Given data:
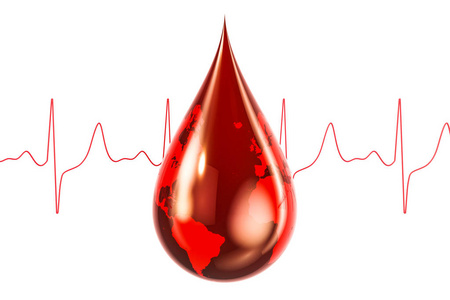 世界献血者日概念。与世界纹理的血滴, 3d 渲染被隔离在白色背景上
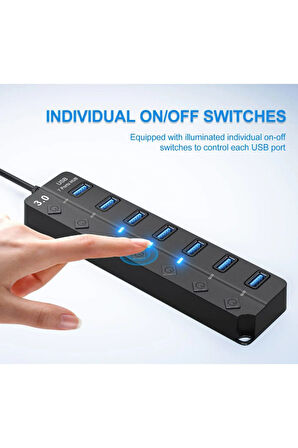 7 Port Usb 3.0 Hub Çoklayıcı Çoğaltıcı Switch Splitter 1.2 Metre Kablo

--

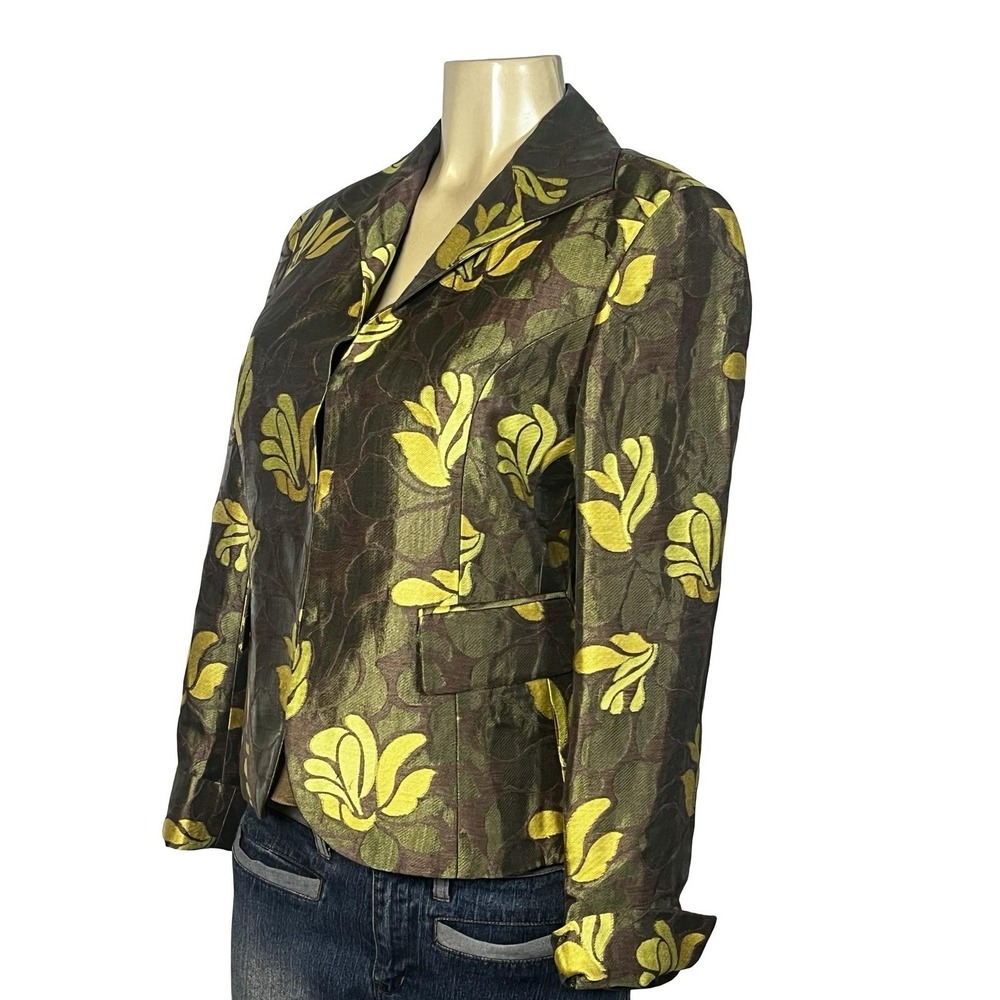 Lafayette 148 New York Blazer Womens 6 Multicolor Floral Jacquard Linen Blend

About this task:
An exact copy is needed of the entries above, starting at the line that holds "世界献血者日概念。与世界纹理的血滴, 3d 渲染被隔离在白色背景上" and stopping at the line that holds "7 Port Usb 3.0", both kept; pictures stay out.

Response:
 世界献血者日概念。与世界纹理的血滴, 3d 渲染被隔离在白色背景上
 7 Port Usb 3.0 Hub Çoklayıcı Çoğaltıcı Switch Splitter 1.2 Metre Kablo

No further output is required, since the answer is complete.